The Absolute Value Graphs Warm-Up is partly a review of yesterday’s lesson and partly a preview of today’s learning. It is an informal assessment of what students do and don’t understand about the absolute value function.
Problem (1) will likely require students to get out some notes or reference materials, so if they struggle to start, ask them: “What could help you solve this problem? What do you need to know or remember in order to tackle this question?” If students know that your response to their request for help will always be a question, they will start asking and answering more of their own questions.
A dialogue might proceed as follows:
Student: “I don’t get this!”
Teacher: “Okay. What could you do about that?”
Student: “You could show me how to do it.”
Teacher: “Or…? What is another option?”
For a while students will complain about this kind of response, but eventually, they start answering their own questions. At this point of the year I tell them, “If you want me to answer a specific question about the content, ask it in a way that shows me you already did some thinking and put some work in.”
Instructional Note: It can be helpful to have a reference poster showing a sample problem about continuity on the board, so if there is a student who is interested in making one of these posters, they can use this as a piece of portfolio evidence at the end of the unit.
Problem (2) will challenge students. When you offer help always connect absolute value back to distance. For instance, “When it says that the absolute value of x is the same as the absolute value of y that means that x and y are the same distance from 0.” These clues will enable students to think and make important connections as they plot points.
Problem (3) is a preview today's investigation. Again, I tell students, “If you can figure out this problem, you will be ahead of the game.” This motivates students who like to move at their own pace to dig in make a good start.
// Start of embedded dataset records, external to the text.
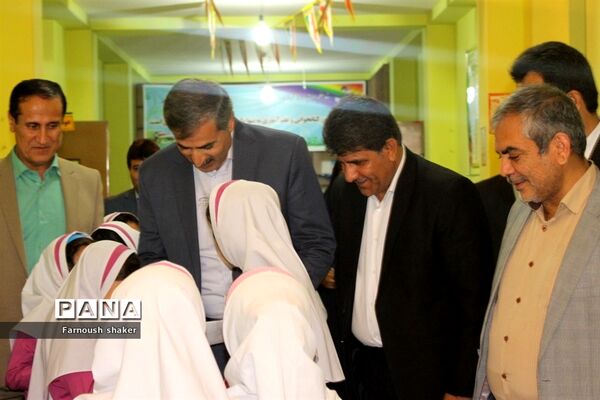 بازدید مدیرکل آموزش و پرورش استان بوشهر از دبستان مصلحیان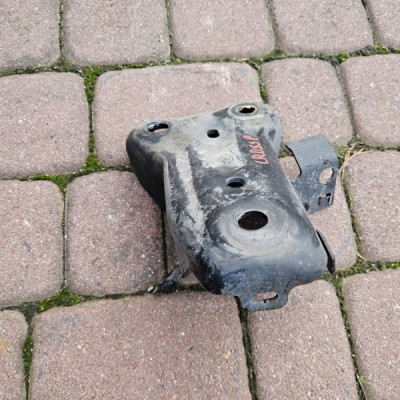 Uchwyt mocowanie belki wspornik zawieszenia tył Opel Crossland X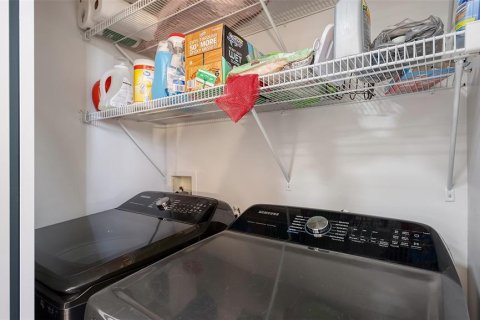 Townhouse in Sarasota, Florida 3 bedrooms, 150.04 sq.m. № 2200066 - photo 25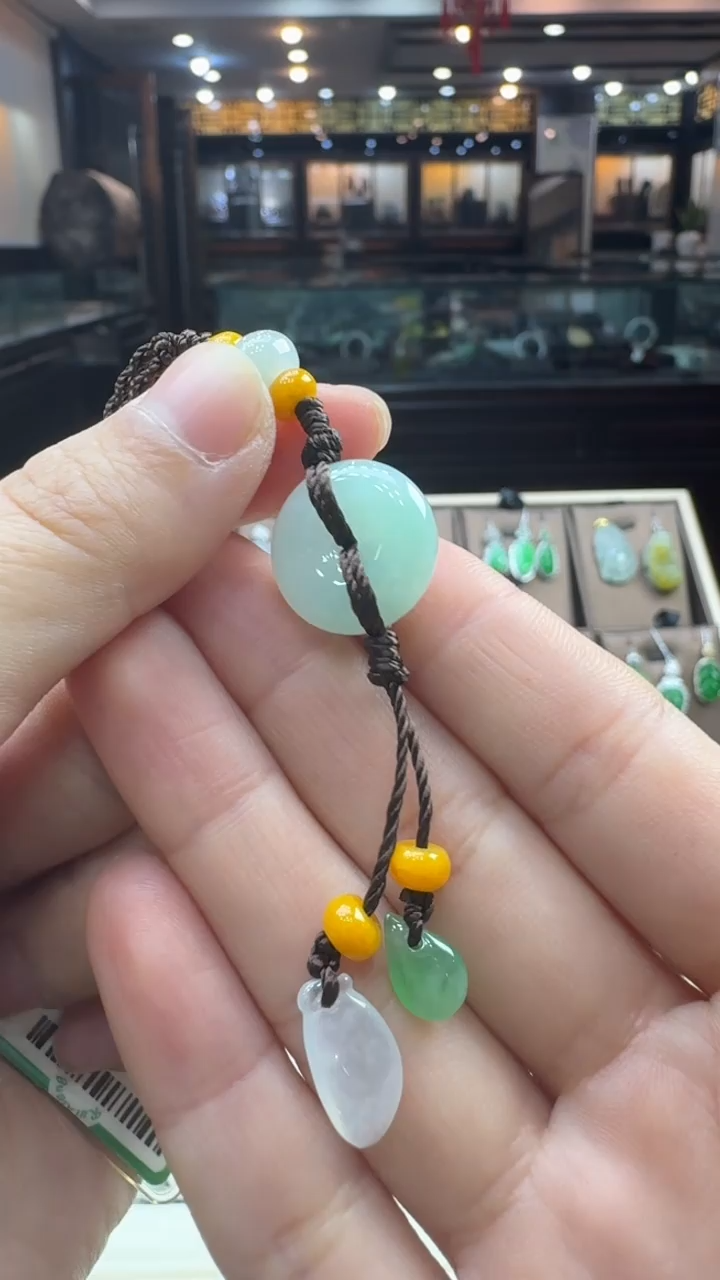 【闪购商品】翡翠挂件未镶嵌手机挂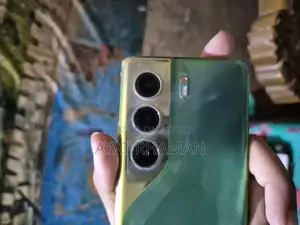 টেকনো ক্যামন ৪০ প্রো ৪জি ২৫৬ জিবি ব্লু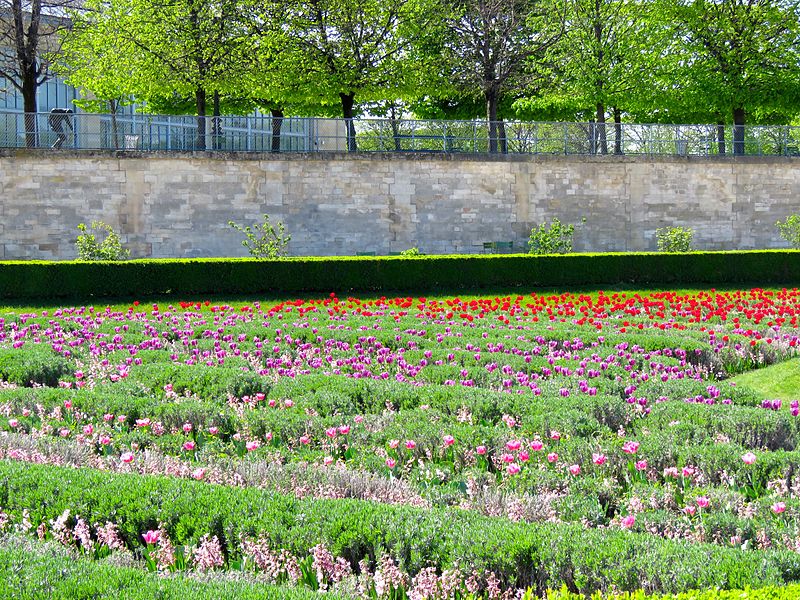 File:Tuileries Garden, April 2015 002.jpg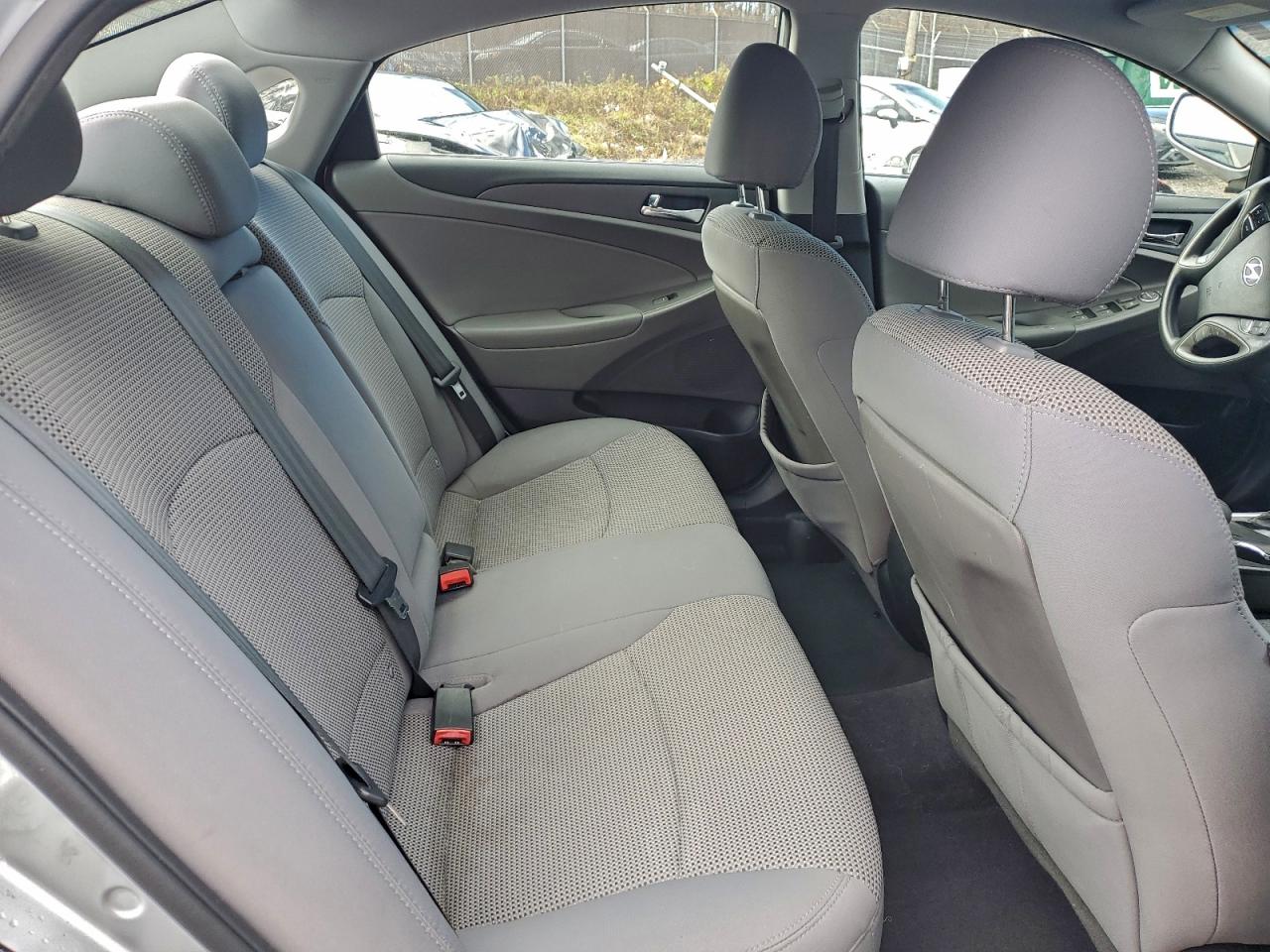 2011 HYUNDAI SONATA GLS photo 10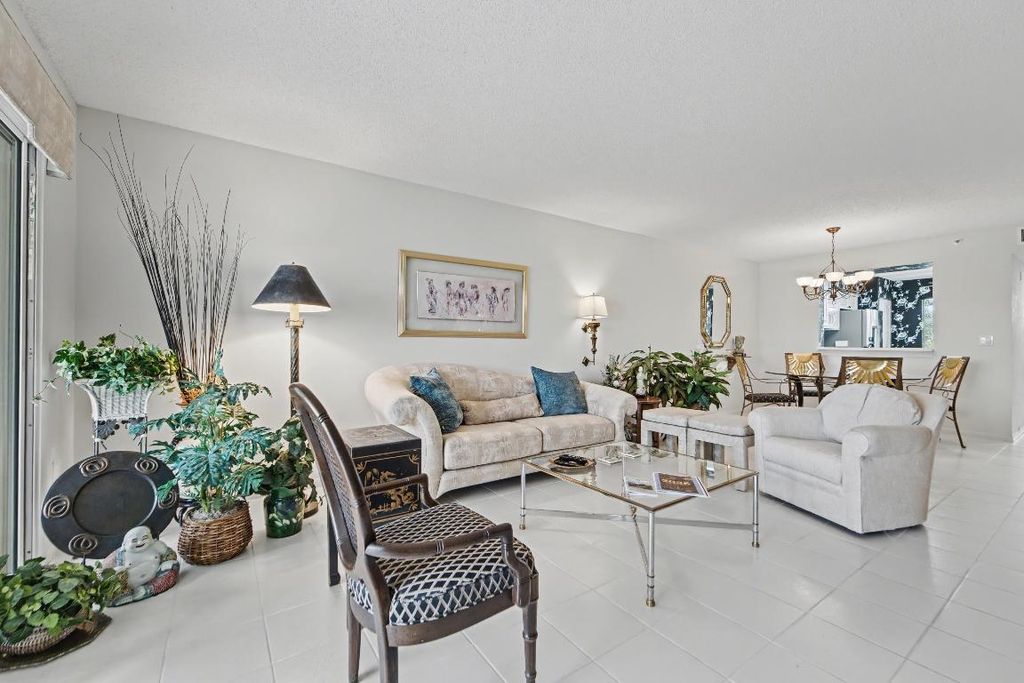 6112 Huntwick Terrace 307, Delray Beach, FL 33484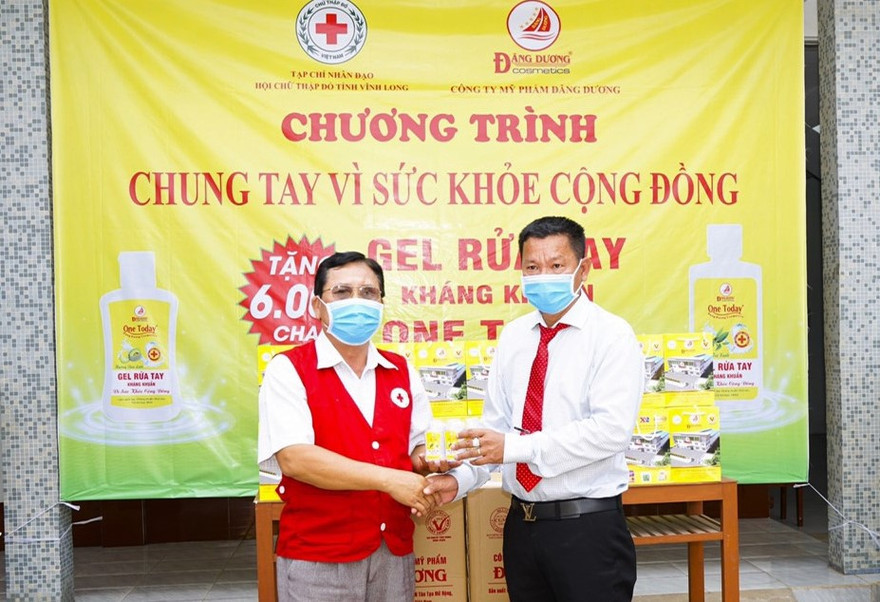 Mỹ phẩm Đăng Dương và hành trình tặng nước rửa tay kháng khuẩn phòng Covid-19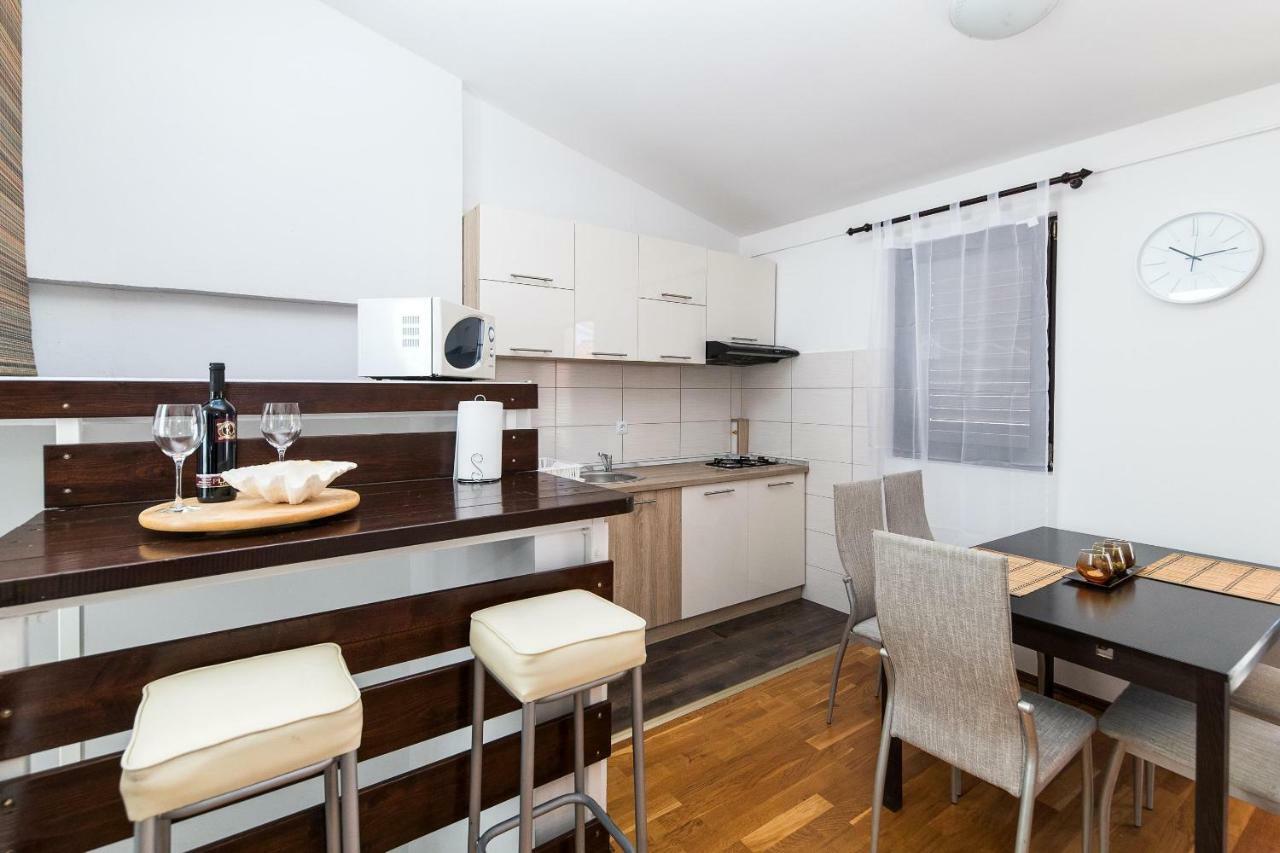 Apartmani Kristina Crikvenica Ngoại thất bức ảnh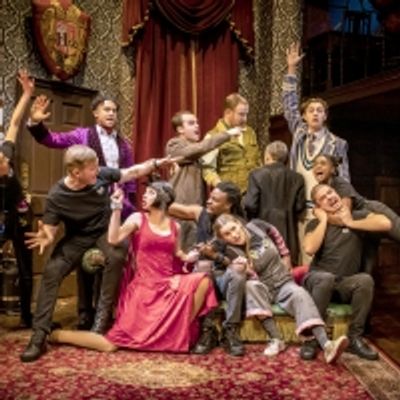 Photos: Check Out New Production Images of THE PLAY THAT GOES WRONG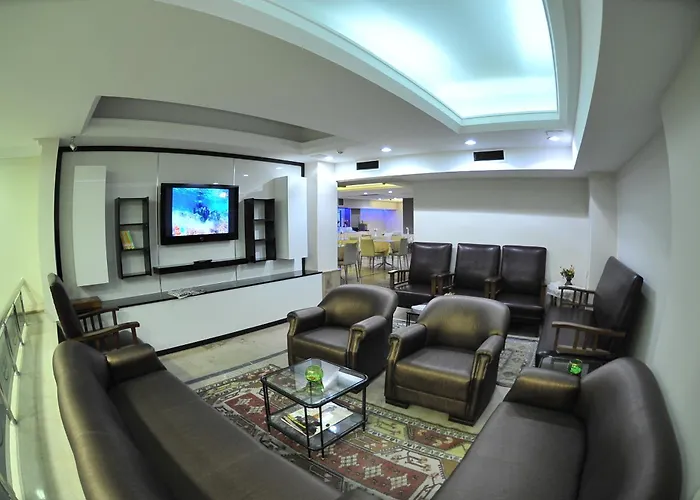 İzmir Otel Kabaçam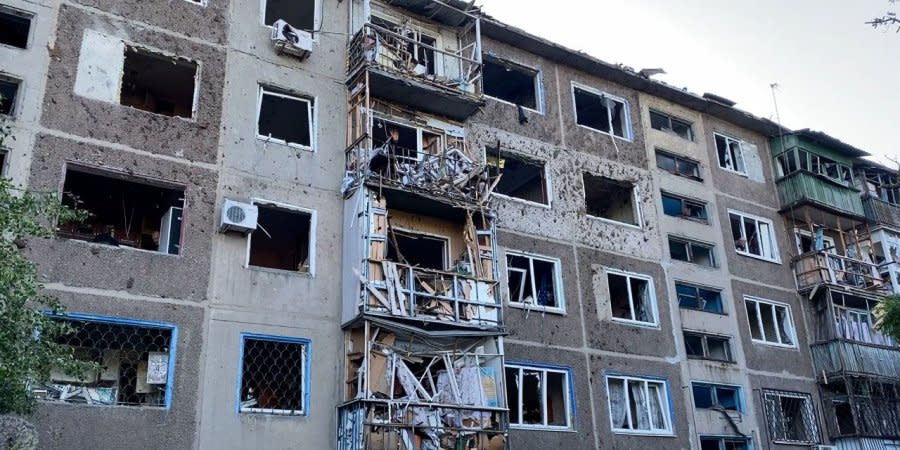 Shells of the Russian occupiers hit a five-story residential building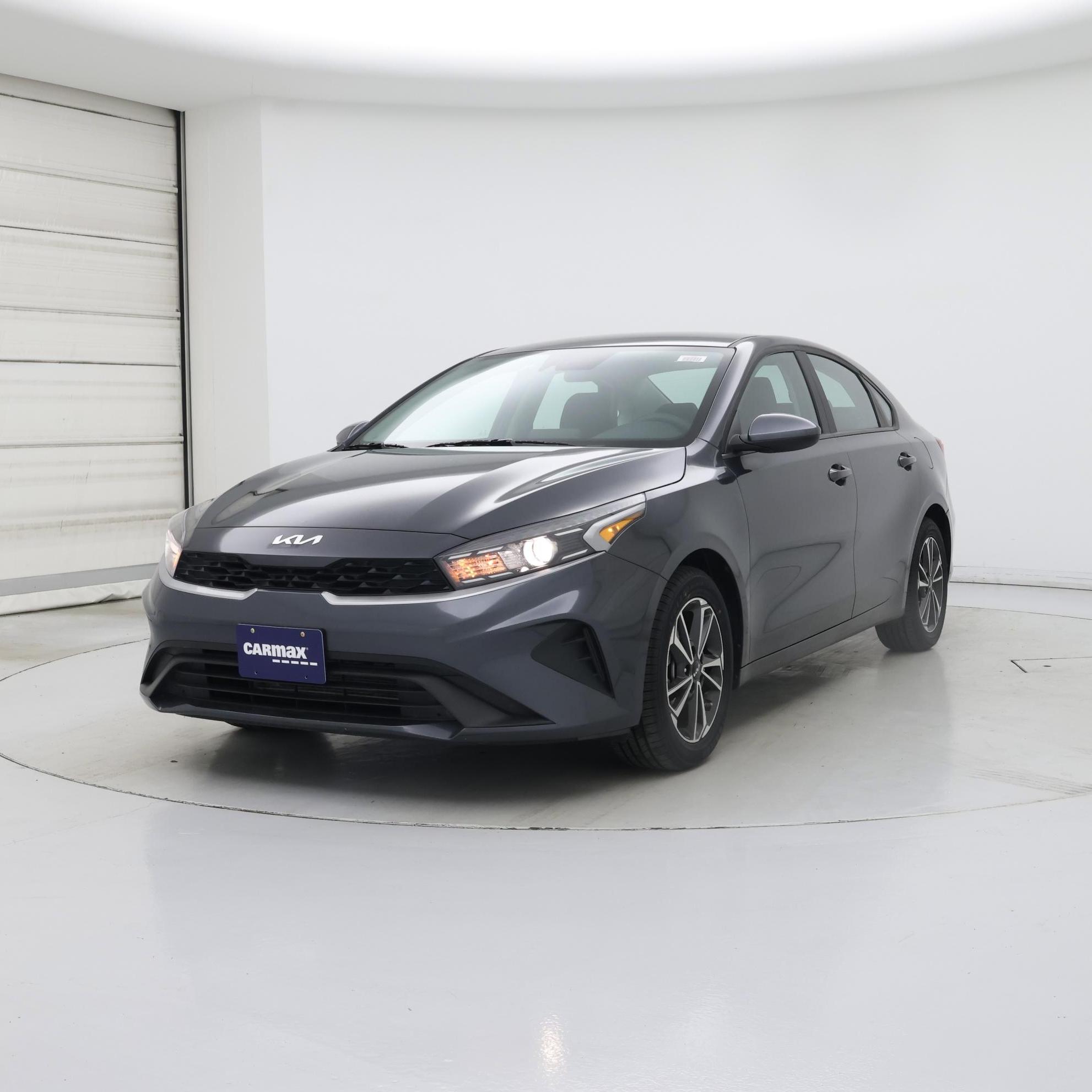 Thumbnail: 2024 Kia Forte - 4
As students work I make observations to help me decide how to proceed with the investigation. I am particularly interested in whether students are more engaged in Problem (2) or Problem (3). I will use this information to decide which resource to use in the investigation.
Instructional Note: The way that I facilitate this investigation depends on how students engage with the Warm-up. The level of student of understanding of absolute value functions I observed in the opening determines the flow of the Investigation.
If students really struggled with problem (2), use the resource below called “Find points that…”. The purpose of this work is for students to think about the meaning of absolute value and how the absolute value function appears on a graph. The questions also show different transformations of the function. If you choose to use this resource, you can ask students to write function rules for each of the graphs they create using either absolute value functions or piecewise functions.
If students showed mastery on Problem (2), but struggled with Problem (3) during the warm-up, I will use Graphing Absolute Value Functions Example which scaffolds the process of graphing an absolute value function and provides more practice.
Either way, the focus of the lesson is on representing these relationships with piecewise functions, and this is what the main assessment Express Absolute Value Functions as Piecewise Functions is about. The assessment includes a lot of graphs so that students are motivated to consider shortcuts for creating graphs and writing piecewise functions to match the graphs. Eventually, I expect students to "invent" or use the idea of a vertex for the absolute value function. When they make this connection, they will be able to reason about and visualize absolute value functions more efficiently (MP7).
For students who don’t need to practice graphing the functions, they can start formulating a generalization about how to write a piecewise function directly from an absolute value function (see Absolute Value Piecewise Function Generalization). This pushes students to use mathematical practices to explore the structure of both functions and describe the relationship between them.